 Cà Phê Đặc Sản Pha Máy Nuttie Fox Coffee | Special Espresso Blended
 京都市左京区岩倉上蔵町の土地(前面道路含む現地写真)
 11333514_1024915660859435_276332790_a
-=-=-=-=-
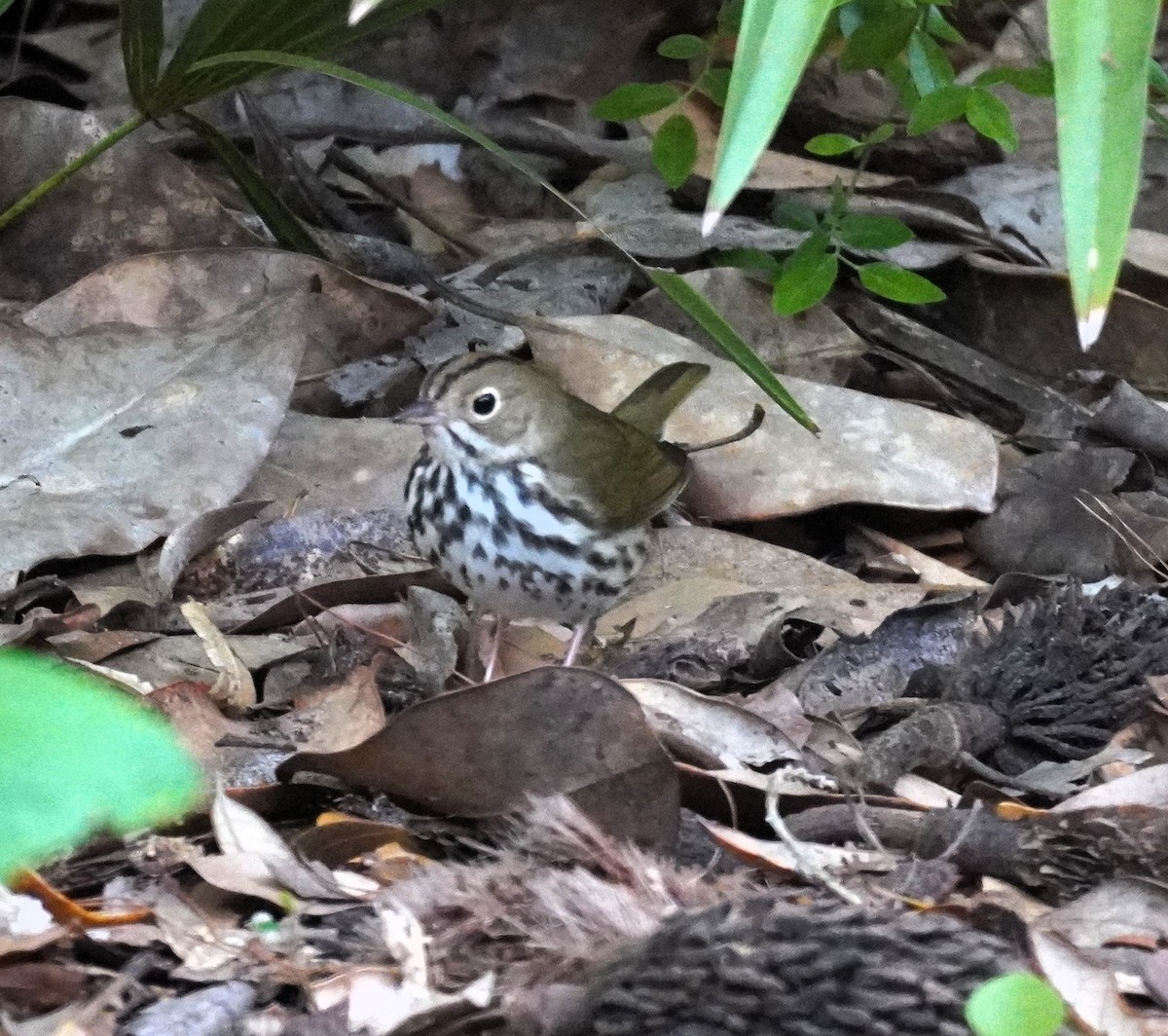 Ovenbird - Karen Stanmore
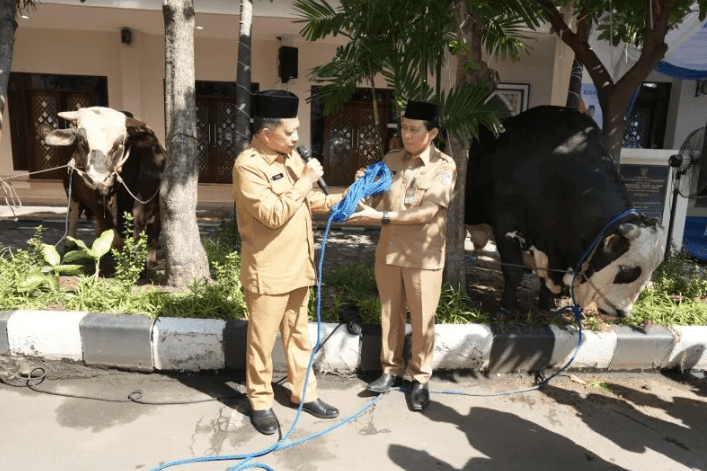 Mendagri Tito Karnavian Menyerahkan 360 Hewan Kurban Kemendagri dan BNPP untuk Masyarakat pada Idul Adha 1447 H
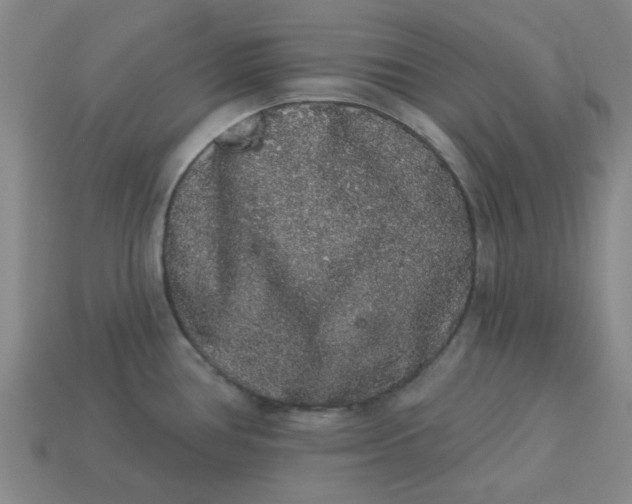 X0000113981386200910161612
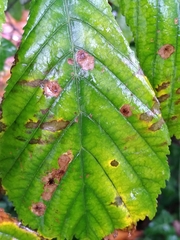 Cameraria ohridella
-=-=-=-=-
Everything above from the line containing "Ovenbird - Karen Stanmore" through the line containing "Cameraria ohridella" must be repeated exactly, and the pictures must be left out.

 Ovenbird - Karen Stanmore
 Mendagri Tito Karnavian Menyerahkan 360 Hewan Kurban Kemendagri dan BNPP untuk Masyarakat pada Idul Adha 1447 H
 X0000113981386200910161612
 Cameraria ohridella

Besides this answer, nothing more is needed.